A good portion of Valley Stream is expected to be removed from the high-risk flood zone later this year, based on new maps released at a meeting at Village Hall on Jan. 2.

Nearly 1,600 homes in the village, primarily in the Gibson and Mill Brook neighborhoods, will come out of the flood zone. That will eliminate the mandatory flood insurance requirement for homeowners with federally backed mortgages.

Additionally, residents who are removed from the flood zone will be entitled to a refund for the past year of flood insurance premiums.

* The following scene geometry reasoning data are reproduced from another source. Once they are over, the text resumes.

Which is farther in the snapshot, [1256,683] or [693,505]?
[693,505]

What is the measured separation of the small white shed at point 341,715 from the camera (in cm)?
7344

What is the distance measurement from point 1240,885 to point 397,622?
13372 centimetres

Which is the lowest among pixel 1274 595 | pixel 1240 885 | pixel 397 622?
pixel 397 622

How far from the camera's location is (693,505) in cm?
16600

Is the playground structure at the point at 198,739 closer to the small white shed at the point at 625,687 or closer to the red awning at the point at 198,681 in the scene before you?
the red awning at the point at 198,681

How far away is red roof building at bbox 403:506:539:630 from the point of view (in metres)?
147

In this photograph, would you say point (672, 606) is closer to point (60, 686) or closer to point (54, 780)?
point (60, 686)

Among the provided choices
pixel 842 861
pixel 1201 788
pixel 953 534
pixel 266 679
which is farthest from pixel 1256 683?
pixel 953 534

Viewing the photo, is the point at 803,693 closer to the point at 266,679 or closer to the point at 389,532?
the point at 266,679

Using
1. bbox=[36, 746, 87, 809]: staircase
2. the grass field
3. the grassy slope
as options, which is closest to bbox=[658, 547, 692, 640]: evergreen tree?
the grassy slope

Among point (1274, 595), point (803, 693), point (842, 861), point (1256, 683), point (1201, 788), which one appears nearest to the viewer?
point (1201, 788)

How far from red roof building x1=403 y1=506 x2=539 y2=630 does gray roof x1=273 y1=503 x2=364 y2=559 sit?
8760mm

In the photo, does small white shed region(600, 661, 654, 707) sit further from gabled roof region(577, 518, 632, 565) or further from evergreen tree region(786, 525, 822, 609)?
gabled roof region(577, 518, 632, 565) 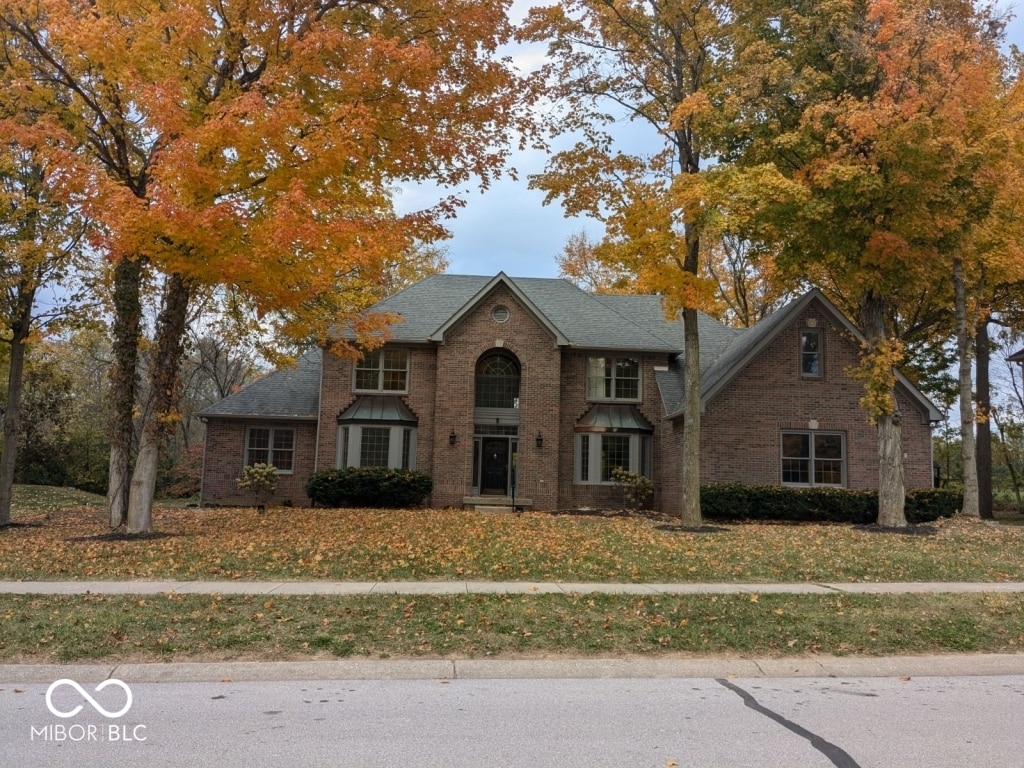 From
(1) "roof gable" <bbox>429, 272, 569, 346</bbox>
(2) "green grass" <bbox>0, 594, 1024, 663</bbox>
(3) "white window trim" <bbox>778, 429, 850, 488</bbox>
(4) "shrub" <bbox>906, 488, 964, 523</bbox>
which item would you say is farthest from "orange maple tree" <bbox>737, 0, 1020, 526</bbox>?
(2) "green grass" <bbox>0, 594, 1024, 663</bbox>

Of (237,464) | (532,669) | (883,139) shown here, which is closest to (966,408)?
(883,139)

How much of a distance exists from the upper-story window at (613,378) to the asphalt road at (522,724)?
61.8 feet

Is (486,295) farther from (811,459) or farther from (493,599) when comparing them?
(493,599)

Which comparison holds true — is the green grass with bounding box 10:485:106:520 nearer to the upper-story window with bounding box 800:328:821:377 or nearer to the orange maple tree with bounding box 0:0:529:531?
the orange maple tree with bounding box 0:0:529:531

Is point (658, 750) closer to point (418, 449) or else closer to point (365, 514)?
point (365, 514)

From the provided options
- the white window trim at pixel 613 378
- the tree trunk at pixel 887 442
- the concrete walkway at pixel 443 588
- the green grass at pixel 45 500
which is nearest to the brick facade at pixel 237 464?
the green grass at pixel 45 500

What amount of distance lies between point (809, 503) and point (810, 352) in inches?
190

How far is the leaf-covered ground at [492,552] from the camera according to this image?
1087cm

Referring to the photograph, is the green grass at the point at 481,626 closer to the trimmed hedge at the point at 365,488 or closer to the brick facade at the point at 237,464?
the trimmed hedge at the point at 365,488

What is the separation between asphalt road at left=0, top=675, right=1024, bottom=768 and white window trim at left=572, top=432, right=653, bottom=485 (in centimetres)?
1813

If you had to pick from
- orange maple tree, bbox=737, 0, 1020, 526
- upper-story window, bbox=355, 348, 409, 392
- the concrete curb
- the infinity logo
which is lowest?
the infinity logo

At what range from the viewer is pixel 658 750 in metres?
4.89

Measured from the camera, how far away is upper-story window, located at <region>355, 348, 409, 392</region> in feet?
81.9

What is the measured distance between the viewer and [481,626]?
780 cm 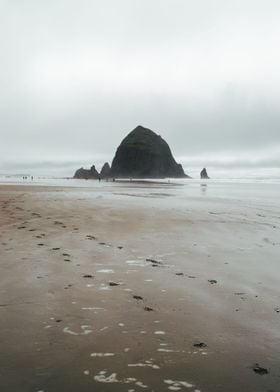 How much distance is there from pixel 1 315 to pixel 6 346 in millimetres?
923

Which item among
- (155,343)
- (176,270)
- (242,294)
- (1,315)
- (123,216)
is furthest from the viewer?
(123,216)

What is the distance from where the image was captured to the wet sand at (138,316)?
314 centimetres

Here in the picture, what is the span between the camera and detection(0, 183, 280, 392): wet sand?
314 cm

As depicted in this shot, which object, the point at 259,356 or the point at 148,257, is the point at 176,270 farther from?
the point at 259,356

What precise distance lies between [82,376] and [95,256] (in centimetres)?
477

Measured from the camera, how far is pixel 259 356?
354 cm

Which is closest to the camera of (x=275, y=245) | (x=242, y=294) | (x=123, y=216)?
(x=242, y=294)

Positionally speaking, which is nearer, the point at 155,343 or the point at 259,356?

Valley Stream residents have been fighting to get out of the high-risk flood zone since 2010, a year after the Federal Emergency Management Agency enacted new maps that added about 2,500 homes in the village. They got the attention of federal officials, including Sen. Charles Schumer and Rep. Carolyn McCarthy, who eventually pushed through legislation calling on FEMA to redraw Nassau County’s maps.

Schumer, who attended last week’s meeting, said he has been hearing for nearly three years from Valley Stream residents who said they were erroneously put into the flood zone. “It turns out that those of you who said that were right,” he said.

While he cautioned the crowd that the release of the new maps would not be good news for everyone, Schumer said that his office would work to get more homes out of the flood zone if residents feel they don’t belong there. He also encouraged village and town officials to give those residents any support possible.

After a 20-minute presentation in the packed courtroom by FEMA and elected officials, residents used several computer stations in Village Hall to determine whether their homes would be removed from the flood zone, and had the chance to ask questions about flood insurance.

Tim Crowley, a regional director for FEMA, said the meeting was structured that way, rather than as a question-and-answer session in the courtroom, so residents could get their specific questions answered. “For people, the real question is, are you in or out?” he said, adding that FEMA was keeping its commitment to providing people with answers.